ABSTRACT ENREGY CAN NEITHER BE CREATED NOR BE DESTROYED BUT IT CAN BE TRANSFORMED. THIS LAW OF CONSERVATION OF ENERGY FORMS THE BASIS OF SUSTENANCE OF LIFE IN THIS EVER ELECTRIFYING WORLD. THE SOURCES AREON THE VERGE OF GETTING SCARCE. HERE ARISES AN IMMEDIATE NEED TO SEARCH FOR A RENEWABLE ENERGY SOURCE.
IN THIS PAPER THE MOST PROVED WIND POWER HAS BEEN SELECTDED AS THE TOPIC OF INTEREST. AN INTENTION TO PROVE AN ALTERNATE METHOD FOR WIND POWER MONITORING WITH EFFICIENT COST REDUCTION TECHNIQUES HAS BEEN ATTEMPTED TO BE ACHIEVED. A MODIFIED COST EFFECTIVE DATA ACQUISITION AND INTEGRATION SYSTEM ALONG WITH DIRECT DIGITAL STORAGE REPLACES THE CONVENTIONAL RADIO TAPE STORAGE TECHNIQUES IN USE. WIND POWER GENERATION AND DISTRIBUTION ALONG WITH THE SUPPORT FROM ELECTRIC GRID/BOARD IS EXPECTED TO PROVIDE A GREATER EMPLOYMENT OPPURTUNITY TO A CONSIDERABLE MASS. “EFFICIENT USAGE OF KNOWN SOURCE ACCOUNTS FOR THE INVENTION OF 100 NEW SOURCES”. THIS ADAGE WILL BE EXPERIENCED THROUGHOUT THIS PAPER.

INTRODUCTION:

The wind is a clean and plentiful source of energy. Wind turbines used to generate electricity come in a wide variety of sizes. Large wind turbines, which are usually installed in clusters called wind farms, can generate large amounts of electricity. Large wind turbines may even produce hundreds of megawatts (MW) of electricity enough to power hundreds of homes. Small wind turbines, which are generally defined as producing no more than 100 kW of electricity, are designed to be installed at homes, farms and small businesses either as a source of backup electricity, or to offset use of utility power and reduce electricity bills. Very small wind turbines (20-500 watt units) are used to charge batteries for sailboats and other recreational uses. In this paper a cost effective method is discussed for monitoring wind power.

WIND AVAILABILITY

Whether constructing a wind turbine is economically viable at your home or farm depends most strongly on the quality of your wind resource. Generally, average annual wind speeds of at least 4.0-4.5 m/s (14.4- 16.2 km/h; 9.0-10.2 mph) are needed for a small wind turbine to produce enough electricity to be cost-effective. A very useful resource for evaluating a site for its wind energy potential is a wind resource potential map. It may be useful to check wind speed measurements that have been recorded at a local weather station. It is important to consider that siting factors at these weather stations, such as nearby trees and buildings, might influence any wind speed measurements. Also, keep in mind that the equipment at these stations is often located close to the ground, and that weather stations located at airports are usually sheltered from the wind. This means that wind speed measurements recorded at these stations might under represent the wind potential at your site. For the most precise evaluation of the wind speed at your site, you need to purchase a wind resource evaluation system. While wind resource evaluation systems can be expensive, if your property is hilly and has unusual terrain features then it might be worth obtaining one.
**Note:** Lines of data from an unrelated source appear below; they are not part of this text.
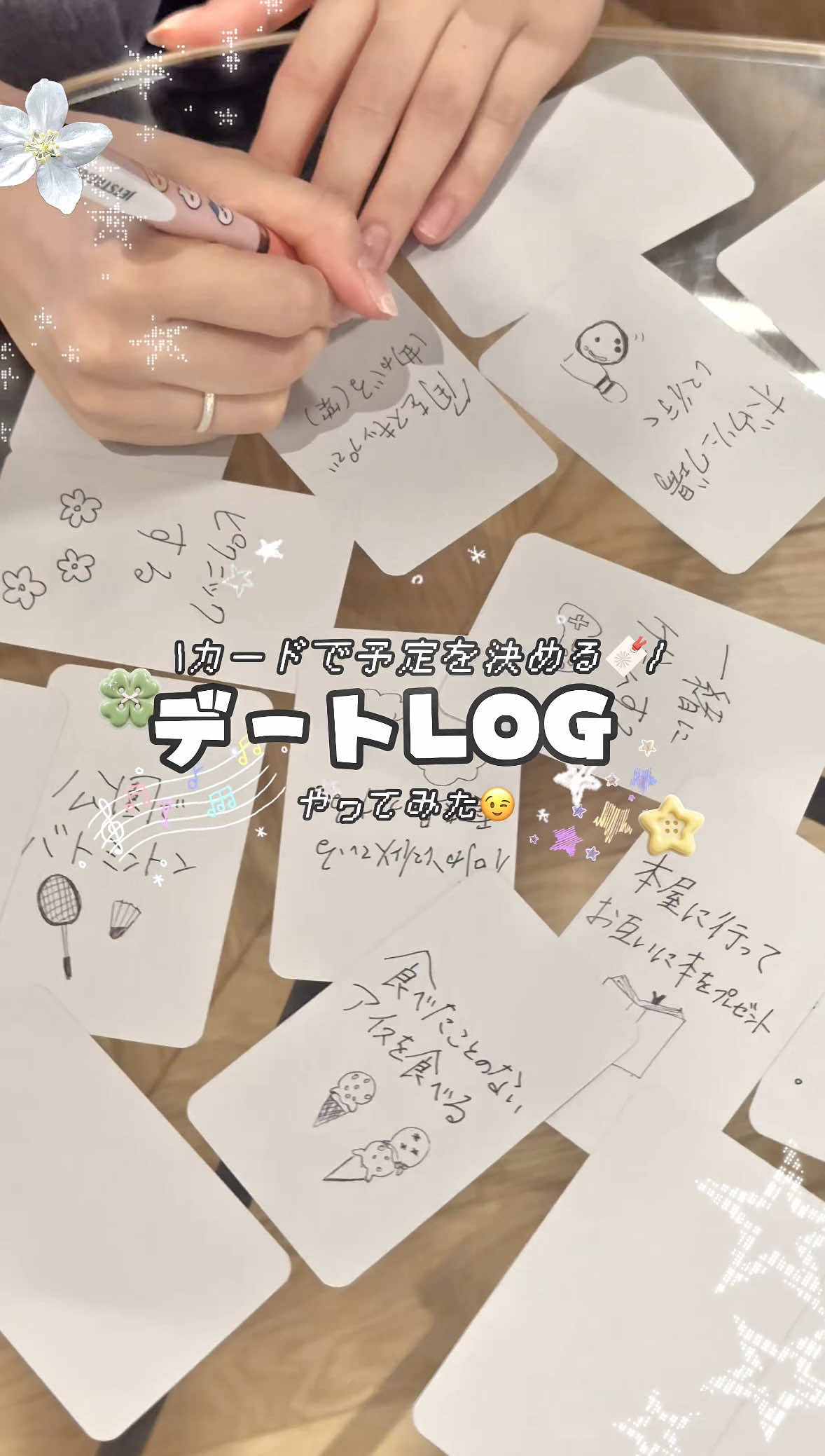 @MAYO /トレンド情報局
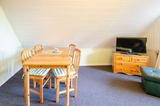 Ferienwohnung in Kellenhusen - FeWo Moisel 1 - Bild 3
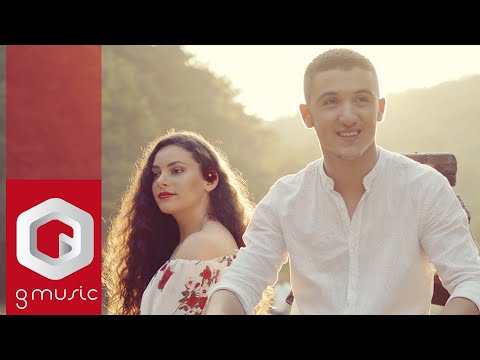 Elion Krasniqi - Cok Güzel (Official Video)
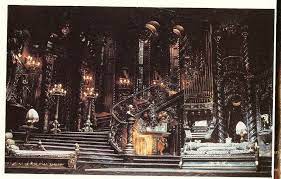 Dreams are not enough to win a war out here they're always keeping score beneath the tan the battle rages smile a rented smile, fill someone's glass kiss. Favorite Set Designs Broadwayworld Com Board Scenic Design Set Design Scene Design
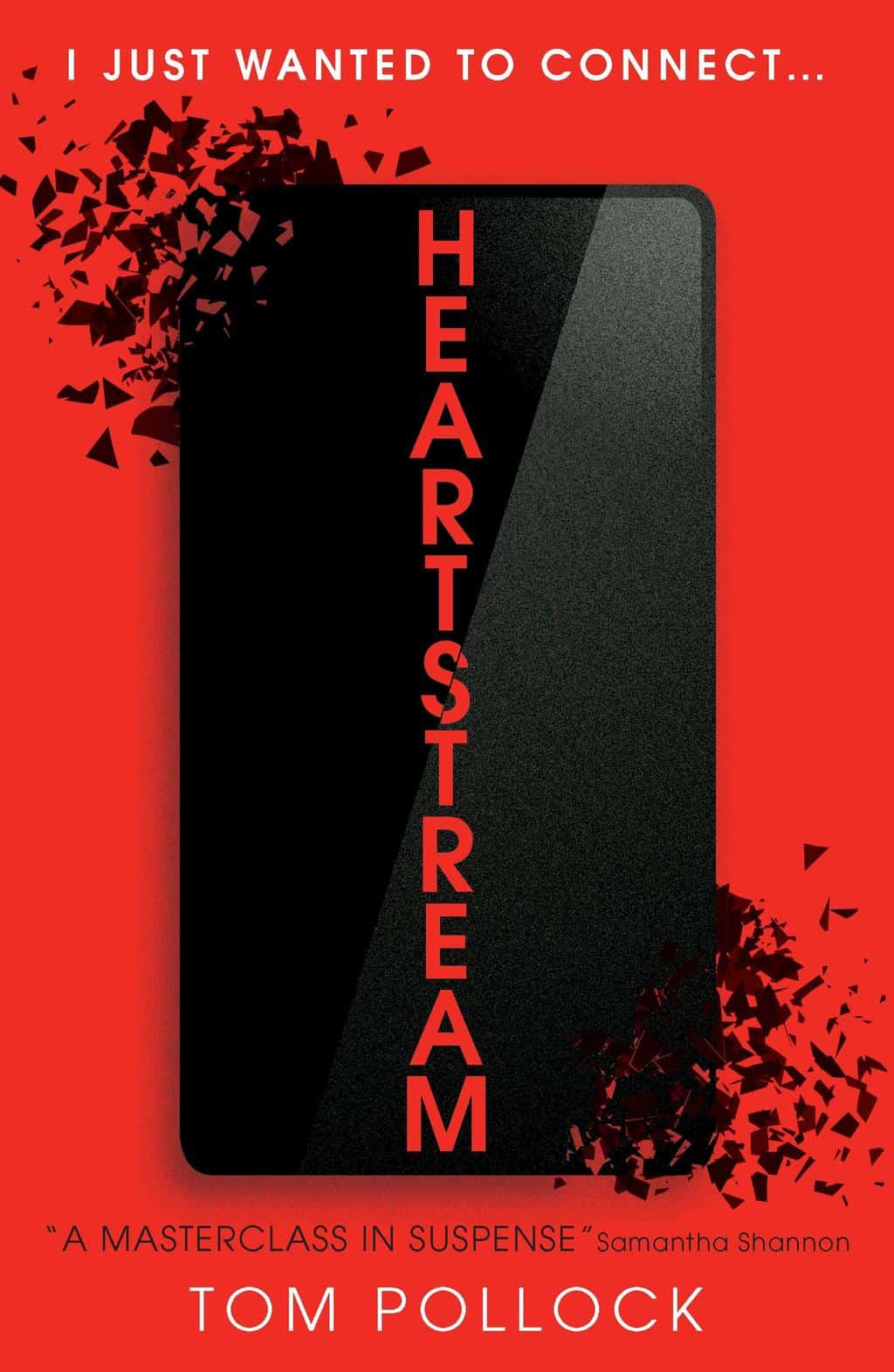 8 MustRead Young Adult Mystery Books and Thrillers Hooked to Books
CONVENTIONAL WIND POWER MEASUREMENT:
The most important component of a wind resource evaluation system is an anemometer. Anemometers are typically designed with cups mounted on short arms that are connected to a rotating vertical shaft. The anemometer rotates in the wind and generates a signal that is proportional to the wind speed. If you do purchase an anemometer, you will also need to purchase something to record the readings made by the anemometer, and a tower or tripod to mount the whole system on. For as little as $500 you might be able to purchase a wind totalizer, which is a very simple type of wind resource evaluation system where the anemometer is linked to an odometer. The odometer is similar to those found in cars. After a period of time, the number recorded on the odometer, which represents the total "distance" the anemometer has turned, can be divided by the time passed since the odometer was last checked in order to determine the average wind speed over a period of time at a location. More expensive wind resource evaluation systems are available. On many systems, a data logger continuously records wind speeds measured by the anemometer, and the data can be downloaded to a computer. These types of wind measurement systems provide a more accurate assessment of the wind resource at a location, but are much more expensive. For example, a system of this type, where the anemometer and data logger would be mounted on a 10 ft tripod, cost $5,000 in 2002. Do not expect your wind turbine to generate the same amount of power all the time. The wind speed at a single location may vary considerably, and this can have a significant impact on the power production from a wind turbine. Even if the wind speed varies by only 10%, the power production from a wind turbine can vary by up to 25%!
Values shown are monthly averages of measurements made by anemometers.
An important factor in how much power your wind turbine will produce is the height of its tower. The power available in the wind is proportional to the cube of its speed. This means that if wind speed doubles, the power available to the wind generator increases by a factor of 8 (2 x 2 x 2 = 8). Since wind speed increases with height increases to the tower height can mean enormous increases in the amount of electricity generated by a wind turbine. [IMG]file:///C:/Users/HEARTT%7E1/AppData/Local/Temp/msohtmlclip1/01/clip_image003.jpg[/IMG] Relationship between wind speed and wind power.

COST EFFECTIVE DESIGN:
TIMING CONTROL

CUP ANEMOMETER

ADC

EMBEDDED CONTROL UNIT
(PROCESSOR UNIT)

CALIBRATE





The processor system is calibrated to the considerable range of values. The analog output from anemometer is processed with signal conditioning circuit including amplifiers and filters. The sampling time is chosen as two minutes for this project. The data available in the interface card is read in every two minutes. It is then transformed to another array of memory. At the end of each day the data thus acquired is processed to find the mean. The average power thus obtained is stored in a separate array of memory provided for 365 days. Thus it can be directly interfaced with a personal computer. Now database management and comparison of various data is no more a tedious job with the availability of very high speed processors. Unlike the conventional method in which a large deposit is to be incurred for memory and periodic monitoring of the original monitoring system, which requires a highly skilled technician. This forms an effective way of direct digitized monitoring, with its cost reduced as low as Rs 800-900. An average farmer with vast amount of so called wasteland enriched with wind power can be used effectively thus adding value to the GDP of the nation as a whole. Already it is a $38 billion industry with a capacity of 5340 MW, trapped so far. However the inherent capacity available in the wind power calls for further investigation and research works. This device may be of great use to individual users as we believed it to be.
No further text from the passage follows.